Task directions:
The lines from the one holding "5-23 Canger Place, Fair" through the end of the records below are to be written out exactly, and nothing else; pictures are to be left out.

━━━━━━━━━━━━━━━━━━━━━━━━━━━━━━

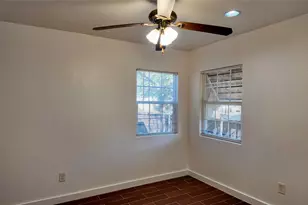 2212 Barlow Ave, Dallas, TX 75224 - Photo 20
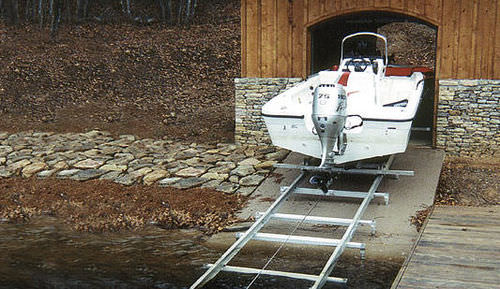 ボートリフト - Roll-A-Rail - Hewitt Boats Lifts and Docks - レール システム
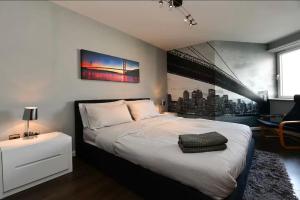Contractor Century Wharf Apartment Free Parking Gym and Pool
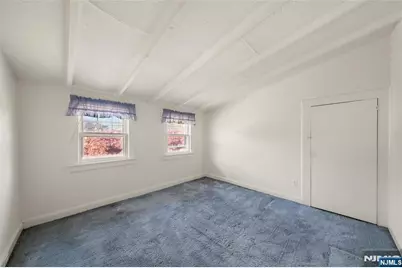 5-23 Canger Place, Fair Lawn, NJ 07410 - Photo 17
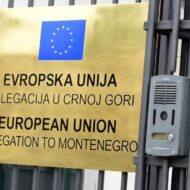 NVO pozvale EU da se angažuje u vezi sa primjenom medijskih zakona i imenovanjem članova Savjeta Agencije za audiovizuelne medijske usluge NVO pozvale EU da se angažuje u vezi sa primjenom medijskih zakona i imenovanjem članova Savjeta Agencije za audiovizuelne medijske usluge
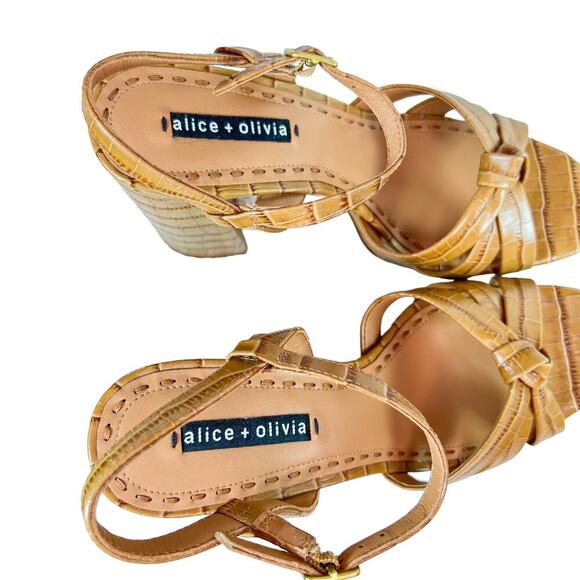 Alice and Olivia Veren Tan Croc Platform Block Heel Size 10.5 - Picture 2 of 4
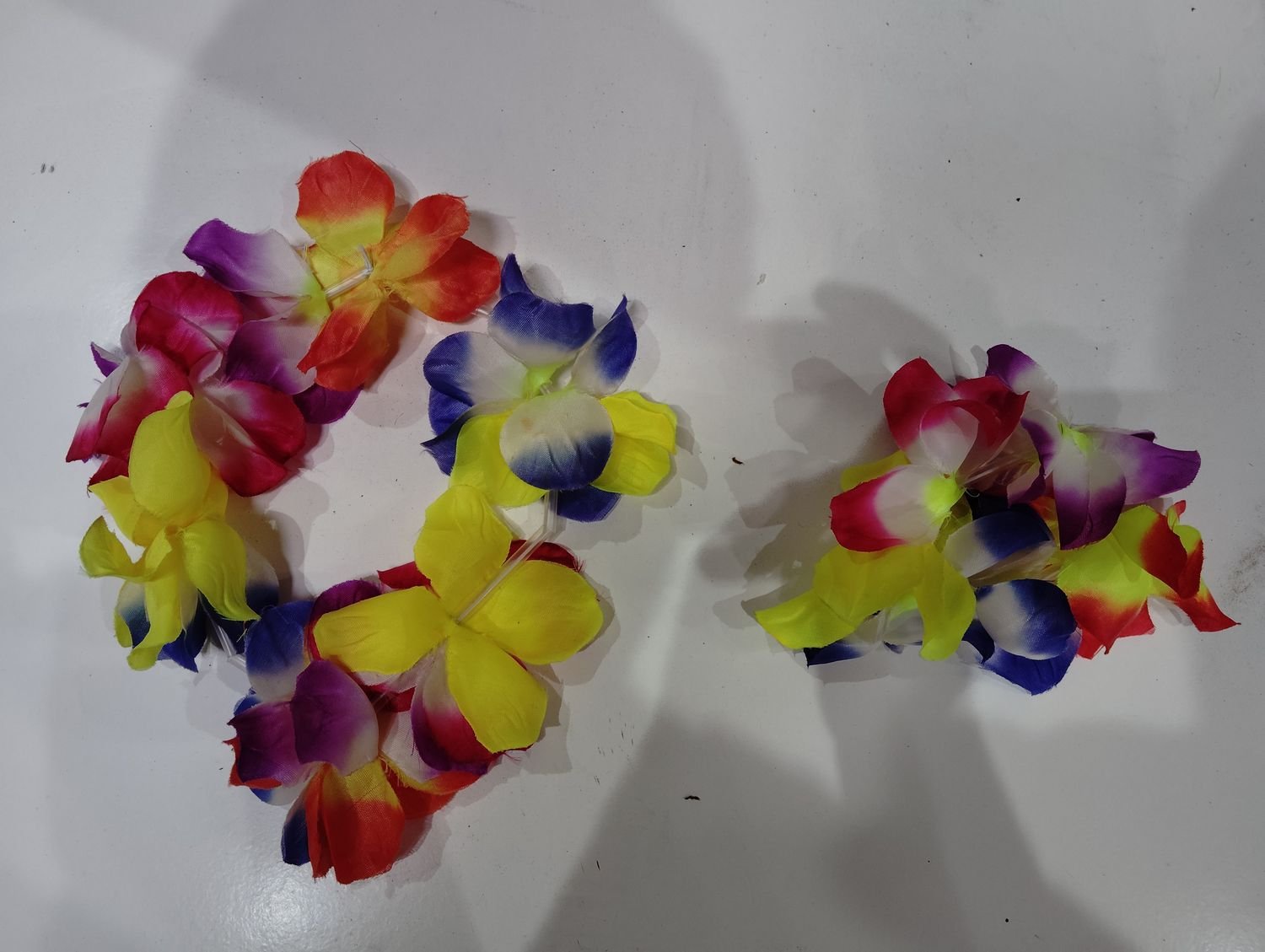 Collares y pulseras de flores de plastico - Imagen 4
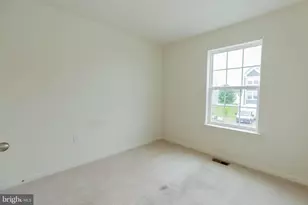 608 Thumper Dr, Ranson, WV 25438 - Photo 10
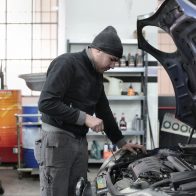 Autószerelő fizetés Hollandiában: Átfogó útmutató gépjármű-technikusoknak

━━━━━━━━━━━━━━━━━━━━━━━━━━━━━━

Answer to the problem:
 5-23 Canger Place, Fair Lawn, NJ 07410 - Photo 17
 NVO pozvale EU da se angažuje u vezi sa primjenom medijskih zakona i imenovanjem članova Savjeta Agencije za audiovizuelne medijske usluge NVO pozvale EU da se angažuje u vezi sa primjenom medijskih zakona i imenovanjem članova Savjeta Agencije za audiovizuelne medijske usluge
 Alice and Olivia Veren Tan Croc Platform Block Heel Size 10.5 - Picture 2 of 4
 Collares y pulseras de flores de plastico - Imagen 4
 608 Thumper Dr, Ranson, WV 25438 - Photo 10
 Autószerelő fizetés Hollandiában: Átfogó útmutató gépjármű-technikusoknak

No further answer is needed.